Demonstranten in der Provinz Idlib (Foto: AP)

Mindestens 40 Demonstranten sollen am Wochenende getötet worden sein

Der Generalsekretär der Arabischen Liga, Nabil al-Arabi, warnte vor katastrophalen Konsequenzen für die gesamte Region, sollte der Friedensplan scheitern. Darin hatte sich Syrien gegenüber der Arabischen Liga verpflichtet, die Angriffe auf Demonstranten einzustellen, das Militär innerhalb von zwei Wochen aus den Städten abzuziehen, politische Gefangene freizulassen und ausländische Journalisten ins Land zu lassen. Doch schon am Donnerstag schossen die Sicherheitskräfte laut Aktivisten wieder auf Demonstranten. Am Freitag wurden mindestens 15 Demonstranten getötet.
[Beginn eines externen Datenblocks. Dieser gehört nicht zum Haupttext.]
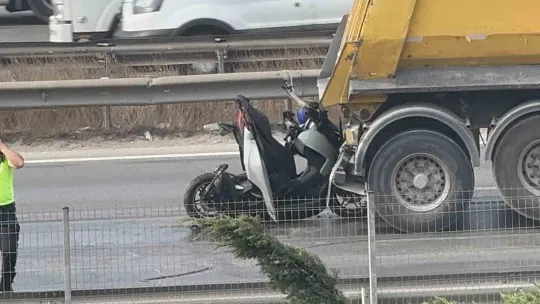 Kocaeli'de feci kaza: Motosiklet sürücüsü kamyonla otomobil arasına sıkıştı
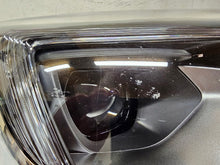 Laden Sie das Bild in den Galerie-Viewer, Frontscheinwerfer Opel Astra K 39208461 662588500 LED Rechts Headlight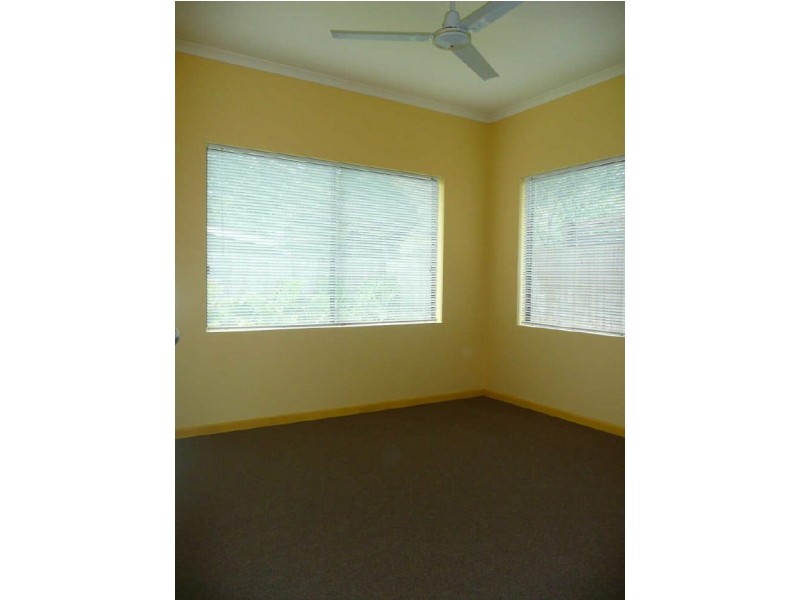 1/139 Jensen Street, Whitfield QLD 4870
Aus der Protesthochburg Homs wurden am Samstag sogar Schüsse von Panzern gemeldet.

Assad keinen Glauben schenken

Zu Beginn des Opferfestes hat das syrische Regime nun die ersten von Tausenden Gefangenen freigelassen. Die Regierung versprach zudem, ab Sonntag die Armee aus Städten und Dörfern abzuziehen. Eine Amnestie für alle, die während der Unruhe zur Waffe gegriffen haben, wurde für diejenigen angeordnet, die nicht getötet haben. Soldaten, die nicht zum Dienst erschienen sind, werden ebenfalls amnestiert, wenn sie sich innerhalb von 60 Tagen melden.
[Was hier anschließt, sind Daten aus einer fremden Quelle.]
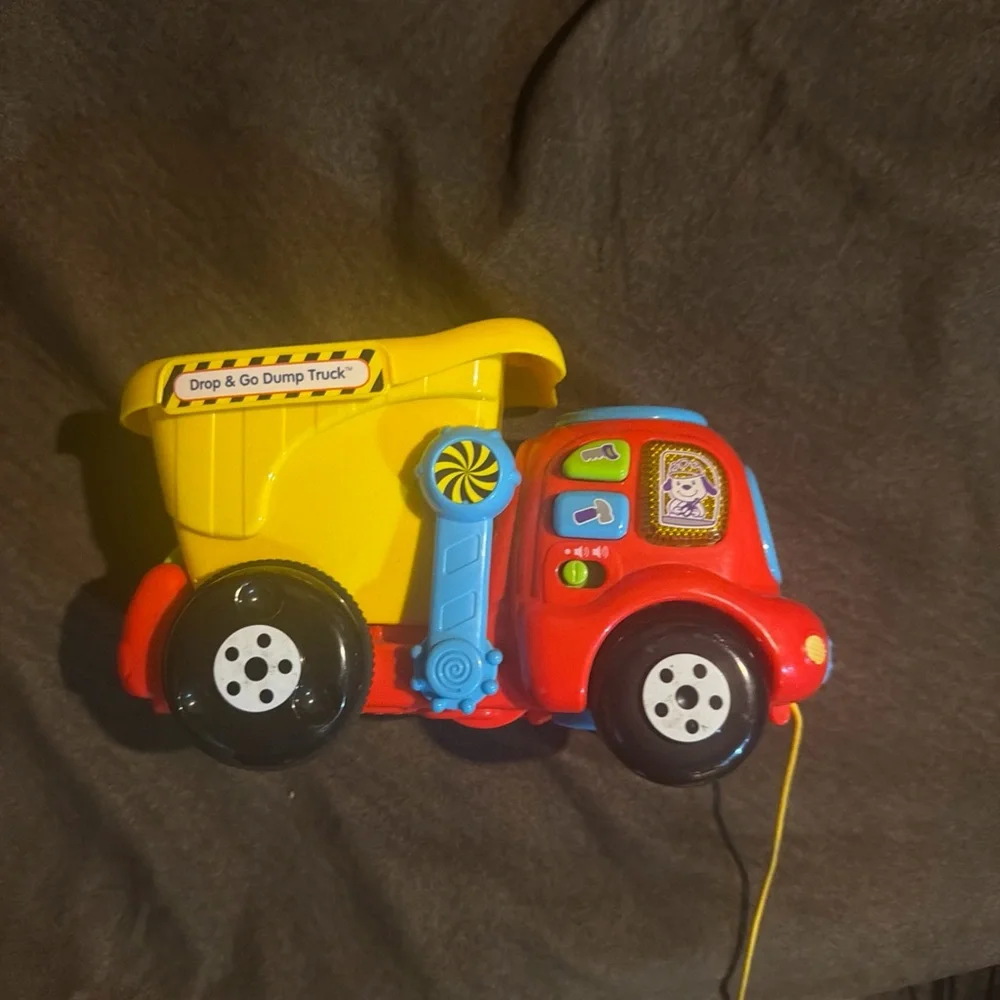 Vtech Drop and‎ Go Dump Truck Toddler Toy Construction Lights and Sounds Works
Der in Paris lebende Vorsitzende des Nationalrates der syrischen Opposition, Burhan Ghaliun, rief die Bevölkerung des Landes dazu auf, Assads Versprechungen keinen Glauben zu schenken. "Wir werden uns nicht täuschen lassen. Der Nationalrat wird dem Regime nicht erlauben, sich Zeit zu erkaufen", sagte er am Samstag in einer Ansprache im Satellitensender Al-Dschasira. Nach Angaben der UN sind bei den Unruhen in den vergangenen sieben Monaten etwa 3000 Menschen ums Leben gekommen.